In trecento a tavola, offre il Banderese

7 Aprile 2015

Bucchianico, festa grande in paese dopo le pizzette distribuite da Pinti in onore di Sant’Urbano

BUCCHIANICO. Grande festa, ieri, in contrada Pubbliconi, a casa di Franco Pinti. Il Banderese 2015, eletto lo scorso anno con il compito di organizzare la festa ultrasecolare dei Banderesi, ha rispettato la tradizione e nel giorno di Pasquetta, con l'aiuto di circa 300 persone, ha consegnato a tutte le famiglie le tradizionali pizzette benedette di Sant’Urbano.
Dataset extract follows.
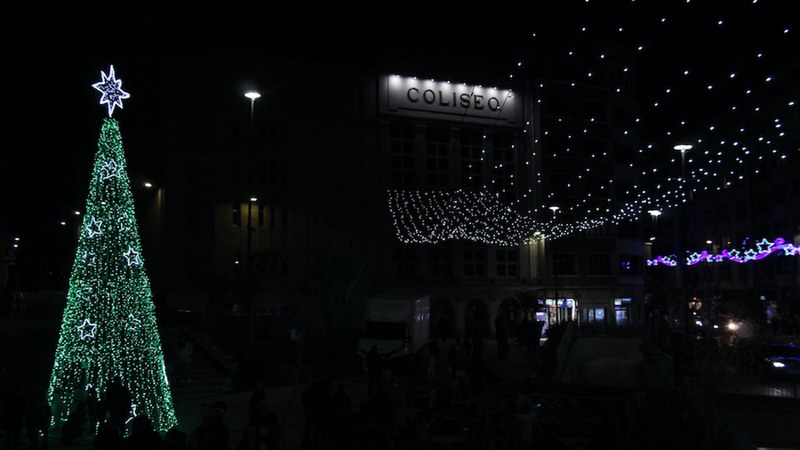 Herriko merkataritza eta ostalaritza suspertzeko asmoz antolatu duten Gabonetako kanpaina hasi da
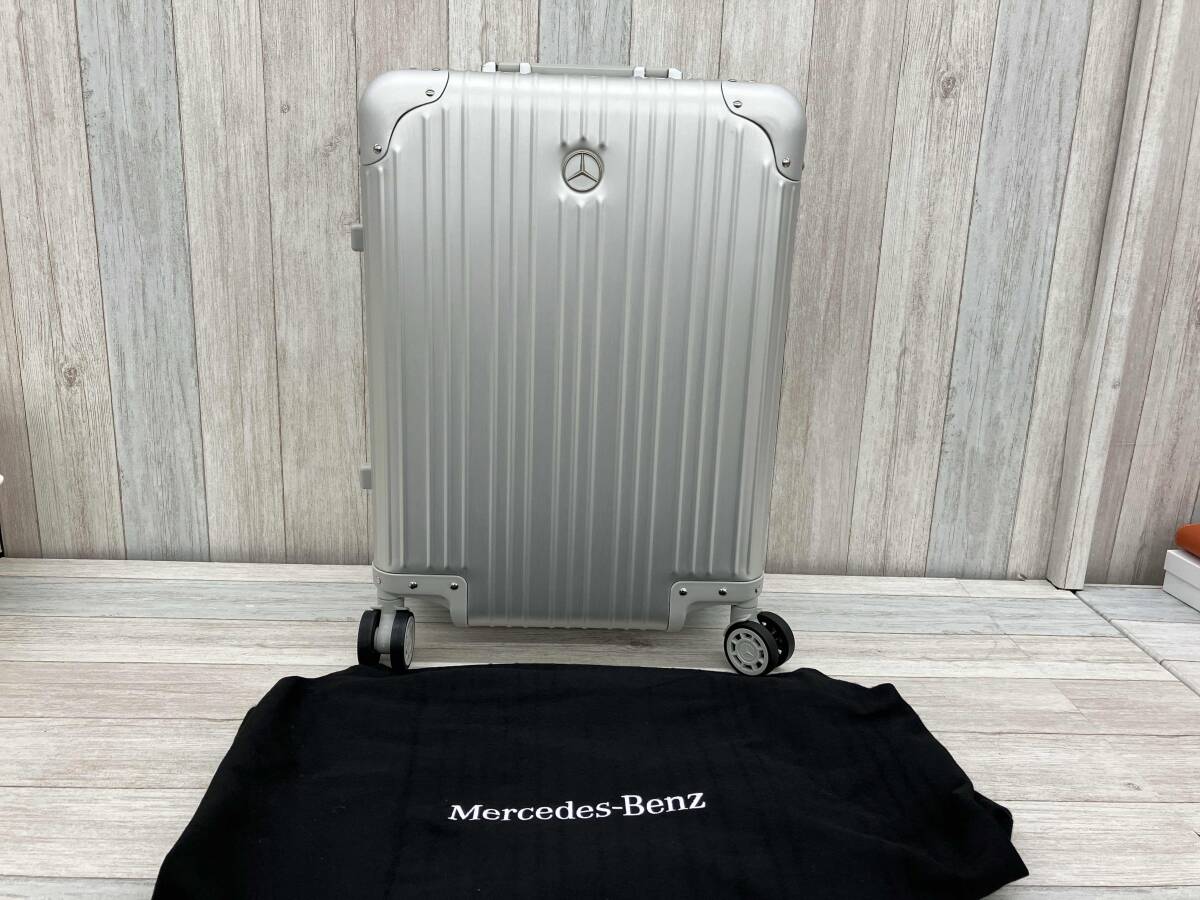 新品】新品【RIMOWA リモワ】メルセデスベンツオリジナル 65L スーツ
Il 17 maggio si rivivrà la strategia bellica che il Santo suggerì in sogno al Sergentiere, capitano delle truppe oggi impersonato da Guglielmo Tatasciore, per scongiurare l'attacco della vicina Teate che, sicura di espandersi geograficamente, la minacciava, sicura di conquista. «Sono molto emozionato» ha commentato Pinti che a pranzo, con i 300 invitati, ha offerto un lauto banchetto per i suonatori, i banderesi e le pacchianelle, uomini e donne in abito tradizionale, che hanno girato in lungo e in largo il paese per consegnare le pizzette benedette.

La sera, invece, è stata organizzata una festa danzante in casa del Banderese alla quale è stata invitata tutta la cittadinanza. Ed ecco riecheggiare l'urlo di devozione degli uomini al Santo:«E e e evviva Sant'Urbane, e e e evviva lu Sergint, e e e evviva lu Bannares». ( d.z.)